The treacherous section comes late in the race, so riders are battling fatigue in addition to the difficult stretch of technical singletrack.
Mostly by hiking and pushing his bike after his crash, Brady made his way back to the Lunch Loop parking area where he got a ride.
He would later discover that he broke his right elbow.
When he heard the course had changed and the Andy’s Loop section had been eliminated from the course, Brady was happy.
“Maybe I’ll come back and race again,” he said.
Race organizers decided to take out some of the overly technical sections for this year’s races.
Andy’s Trail, Eagle’s Tail Trail and Pet E Kes trail have been replaced with a new route featuring Gunny Loop, Holy Bucket to Coyote Ridge, Ali Ali Loop to Ali Alley, Curt’s Lane and Curt’s down to lower Hop Skip and Jump and Noreaster.
In a press release last month, race organizer Epic Rides said the new routing will be safer for all participants.
“Andy’s Trail was a blast for riders during the first four years of the event, but replacing it with Gunny Loop and connecting to Noreaster is adding some of the community’s most prized trails to the event while greatly improving the riding experience for out-of-town guests on event weekend,” Bill Cooper, Grand Junction Off-Road course manager said in the release.
Now in its fifth year, the Grand Junction Off-Road race has grown.
In 2013, the race was held over Labor Day weekend and drew around 200 amateur riders.
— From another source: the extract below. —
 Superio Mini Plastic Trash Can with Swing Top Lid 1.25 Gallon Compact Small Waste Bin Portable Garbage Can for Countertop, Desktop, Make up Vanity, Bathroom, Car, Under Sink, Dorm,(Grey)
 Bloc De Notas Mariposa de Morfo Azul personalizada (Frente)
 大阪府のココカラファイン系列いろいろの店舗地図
The race was moved to Memorial Day weekend in 2014, and then shifted to an earlier date in May.
Last year, more than 400 amateur riders raced either the 40- or 30-mile races.
The 40-mile race begins at 7:30 a.m. with a start and finish in downtown Grand Junction. The 30-mile race starts at 8:30 a.m.
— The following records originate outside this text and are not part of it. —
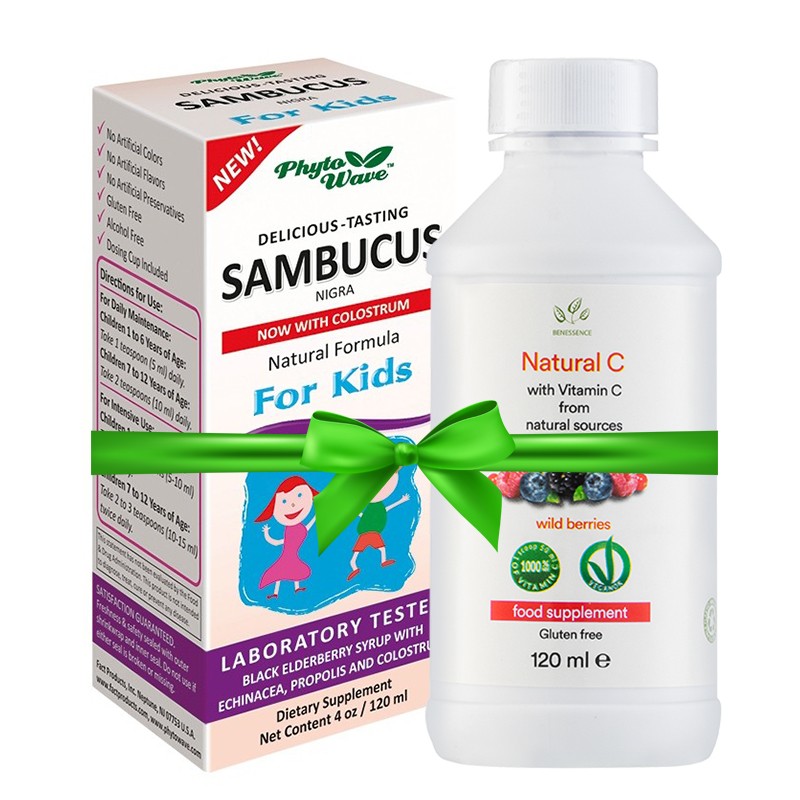 Промо пакет – детски имунитет / Самбукус нигра сироп с черен бъз и витамин С (течен) Phyto Wave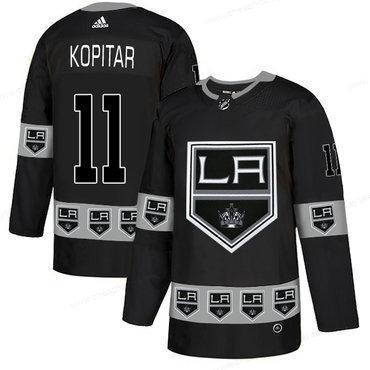 Men’s Los Angeles Kings #11 Anze Kopitar Black Team Logos Fashion Adidas Jersey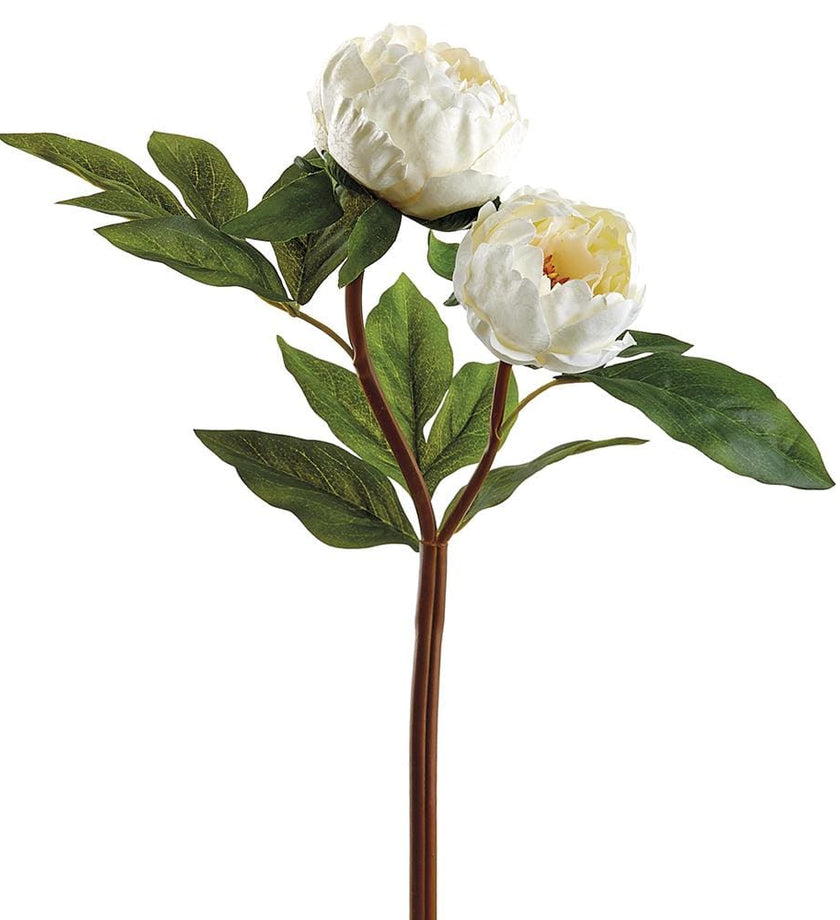 Faux White Peony Spray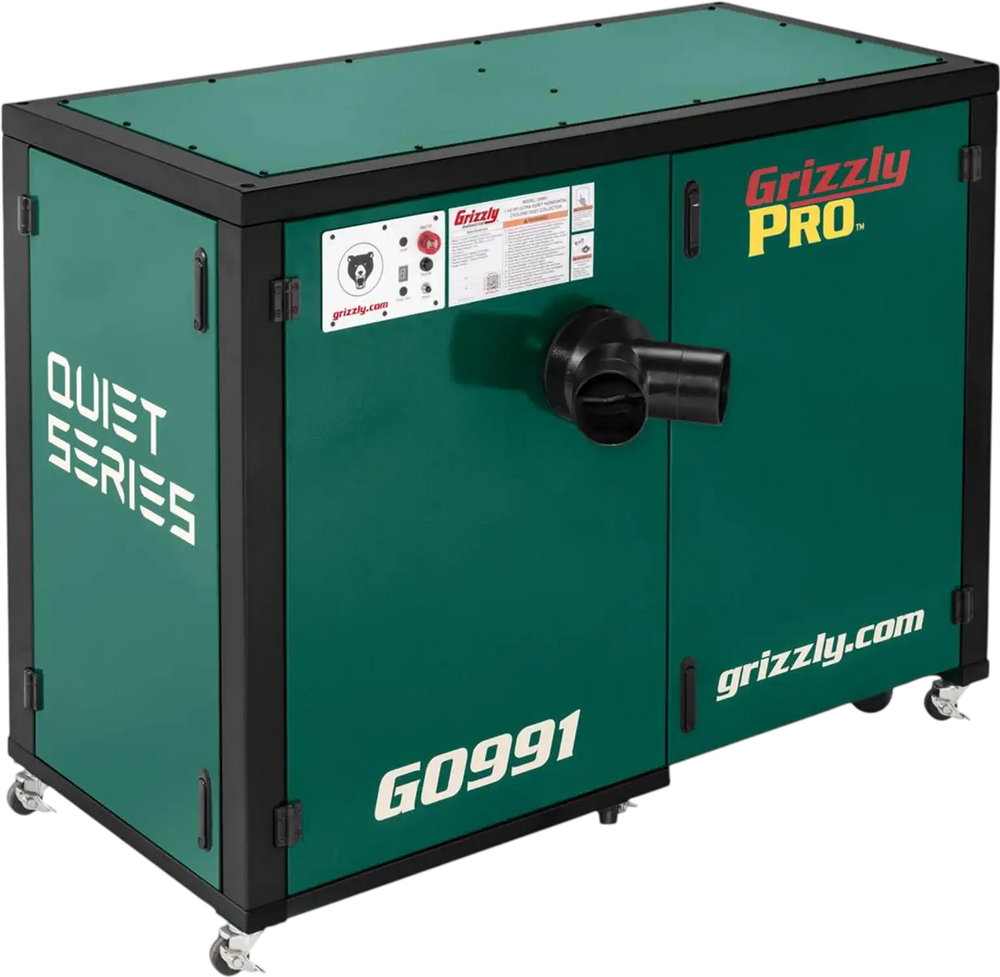 Grizzly G0991 - 1-1/2 HP Ultra-Quiet Horizontal Cyclone Dust Collector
The Grand Junction Off-Road racing begins on Friday evening with the Fat-Tire Criterium in downtown.
This race pits the professional riders in a high-speed race around the criterium course on mountain bikes.
Racing begins at 6:15 p.m. with the women, and the men to follow.
The off-road course takes a toll on the pros, too, with a number of them having to deal with flat tires and other mechanical issues, as well as the occasional crash.
For the women, there has been a different winner all four years.
Rose Grant of Whitefish, Montana, won last year’s race with Grand Junction’s Alexia Skarda in second more than five minutes back.
The pro men have also had a different winner every year, with Durango’s Todd Wells winning last year. The interesting part of the men’s race is the same rider has finished second for the past three years.
Ben Sonntag of Durango won the inaugural race in 2013, then finished second for the past three races.
The pros take off on the 40-mile course Sunday morning with the men starting at 8:30 and the women to follow 10 minutes later.
Last year there were a combined 74 men and women professional riders.